| EXERCISE REQUIREMENTS |
Return the listing below exactly as it stands. Pictures stay out.

--- START ---

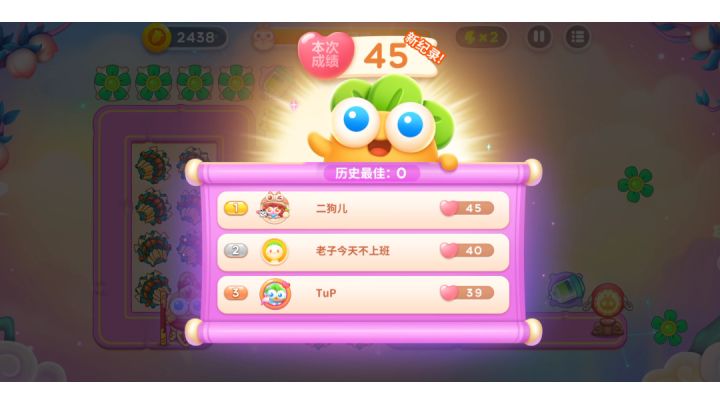 周赛丨45⭐丨周一丨8.29截图
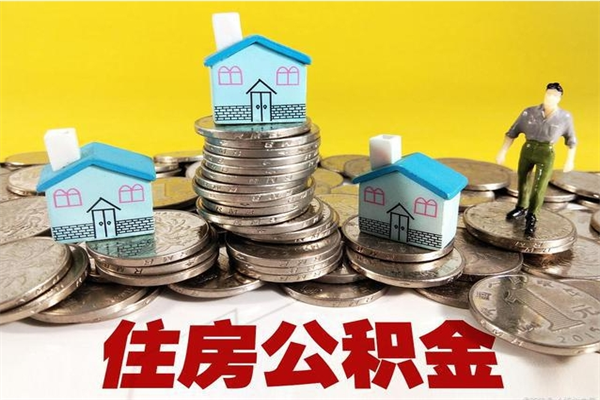 淇县怎么提封存公积金（如何提取封存住房公积金）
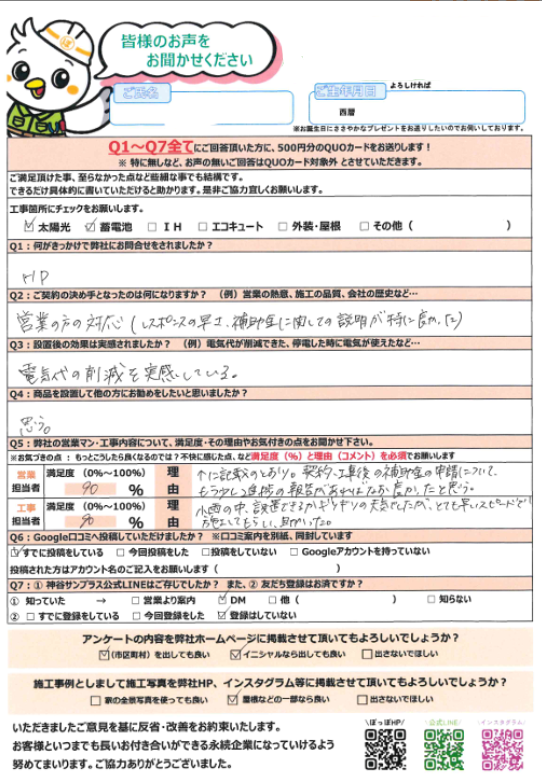 Y様の声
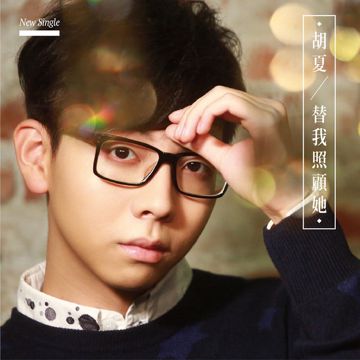 替我照顾她-cover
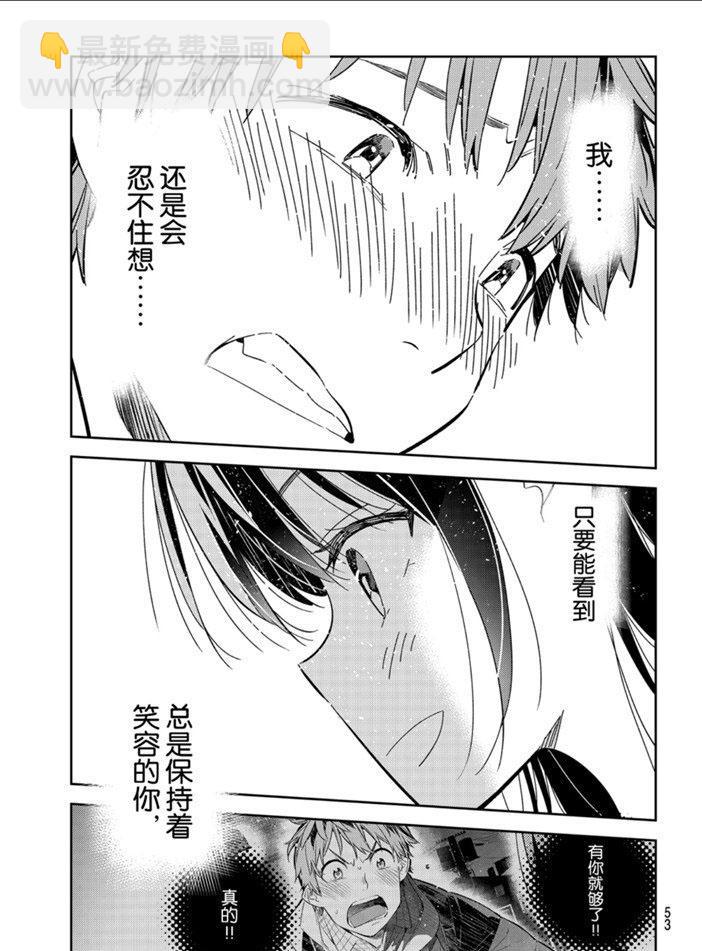 第163话-第163话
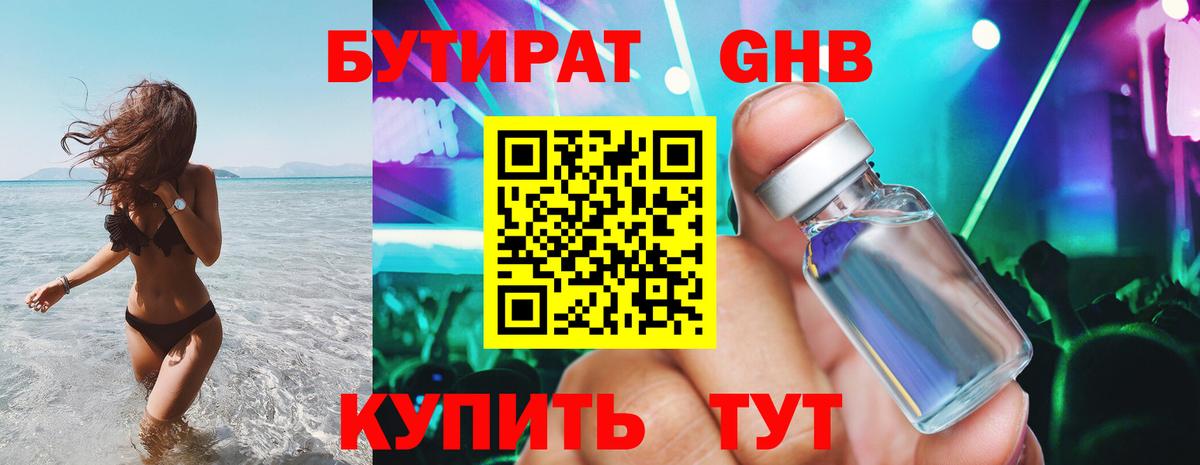 Бутират вода  Бутират  Кимовск  Вход с VPN 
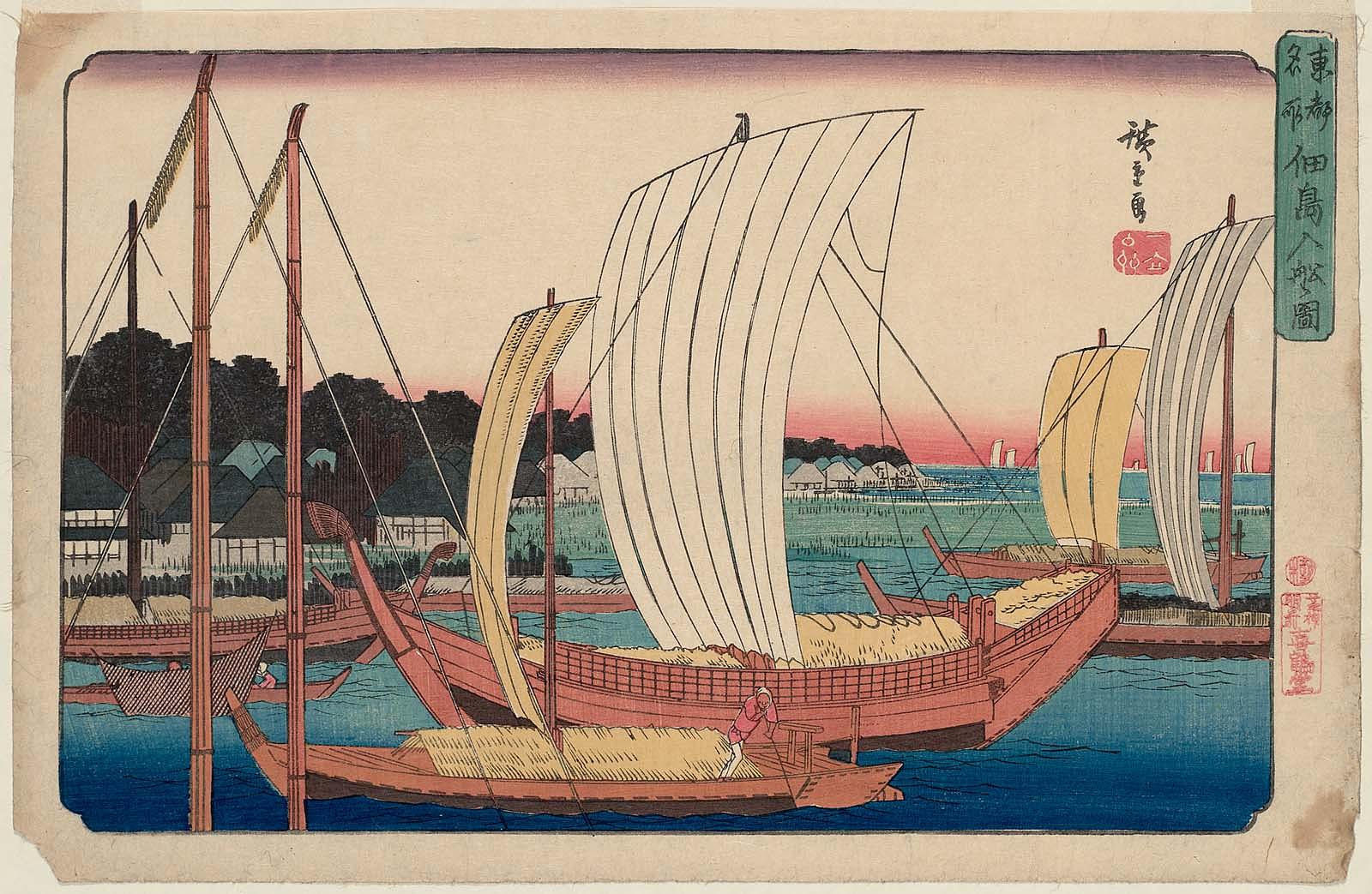 Hiroshiges - Boats Entering the Harbor at Tsukudajima (Tsukudajima irifune no zu) - Famous Places in the Eastern Capital 1832-38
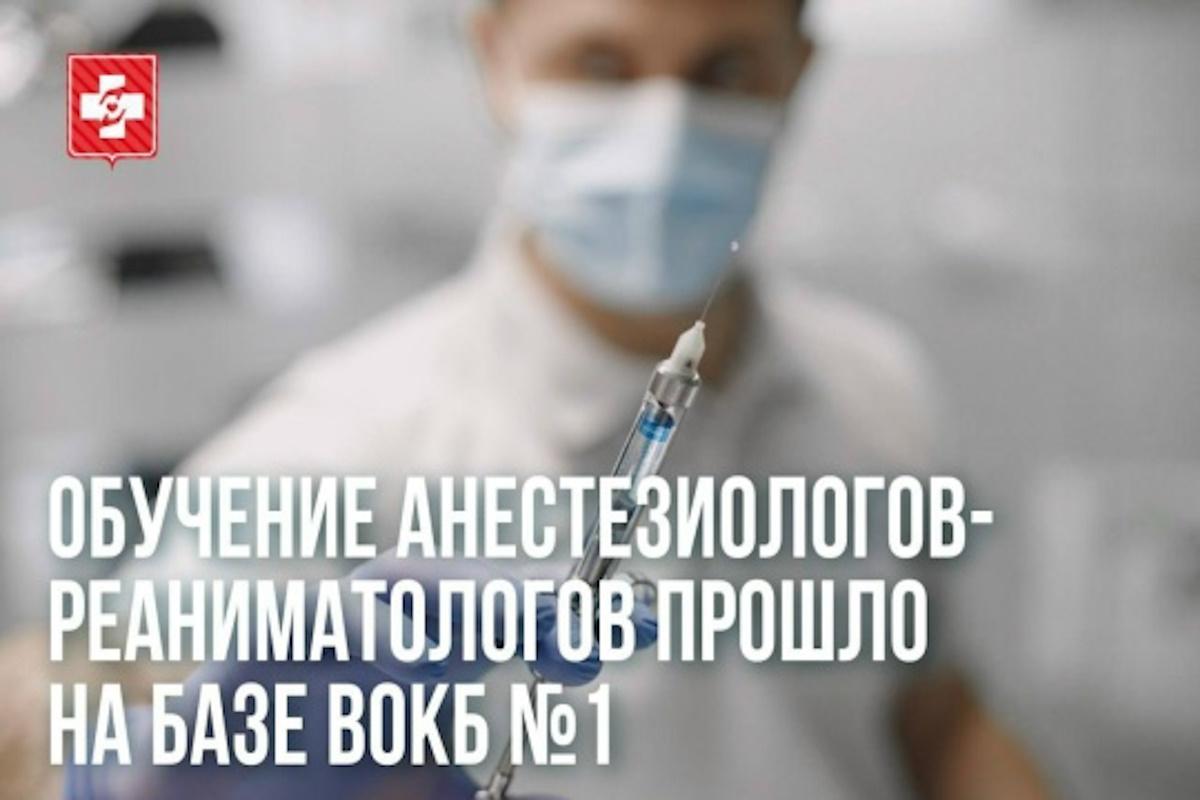 Для вологодских врачей организовали обучающий курс по современным методам анестезиологии и реанимации
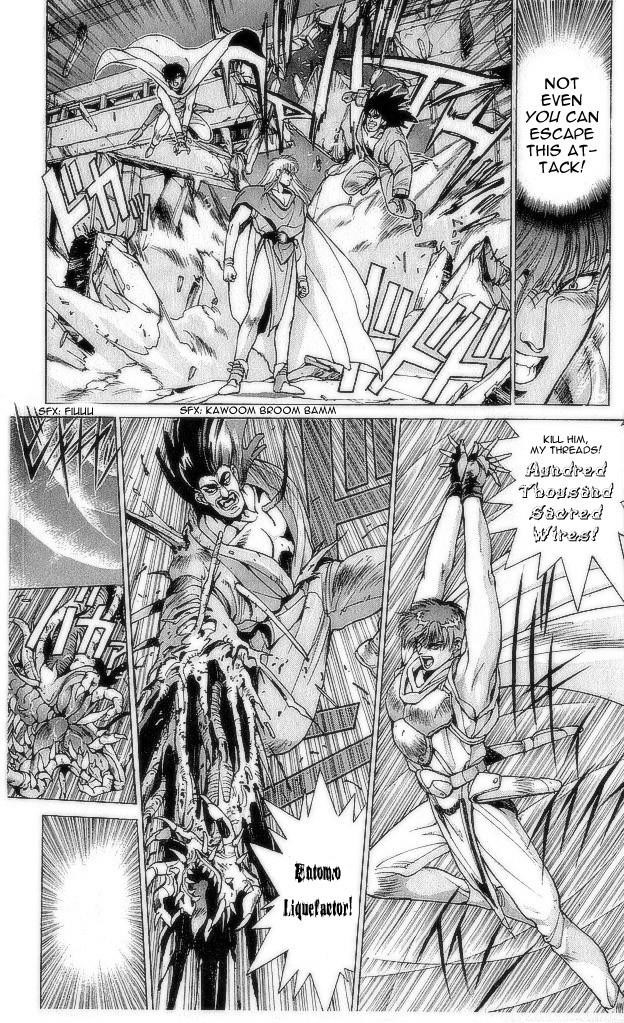 Read Bastard Manga Online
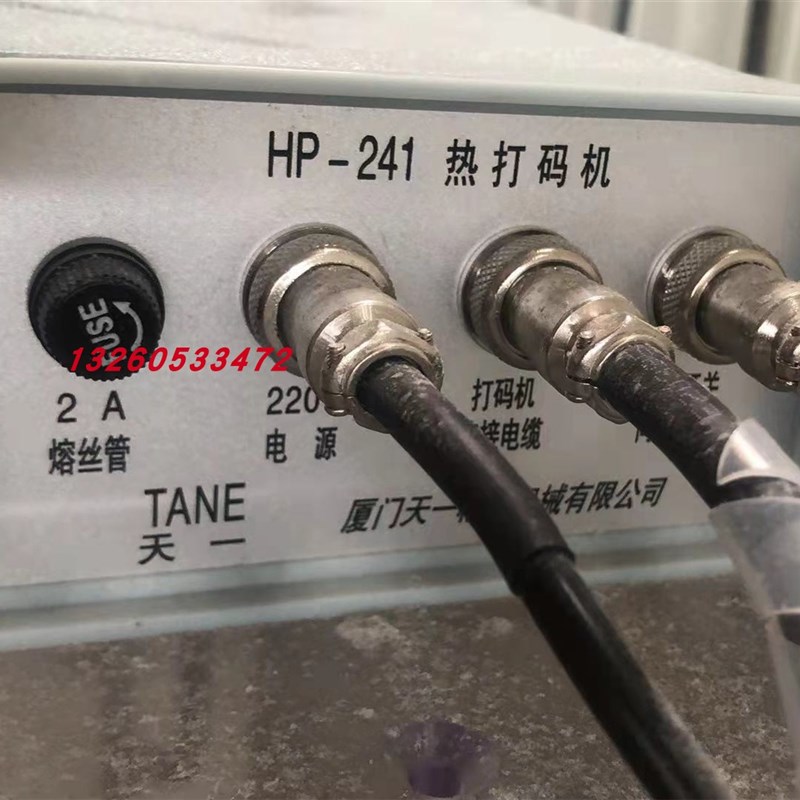 厦门天一原装打码机HP-241/B/C控制盒/控制器/温控器打码控制总成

--- END ---

| TASK ANSWER |
 周赛丨45⭐丨周一丨8.29截图
 淇县怎么提封存公积金（如何提取封存住房公积金）
 Y様の声
 替我照顾她-cover
 第163话-第163话
 Бутират вода  Бутират  Кимовск  Вход с VPN 
 Hiroshiges - Boats Entering the Harbor at Tsukudajima (Tsukudajima irifune no zu) - Famous Places in the Eastern Capital 1832-38
 Для вологодских врачей организовали обучающий курс по современным методам анестезиологии и реанимации
 Read Bastard Manga Online
 厦门天一原装打码机HP-241/B/C控制盒/控制器/温控器打码控制总成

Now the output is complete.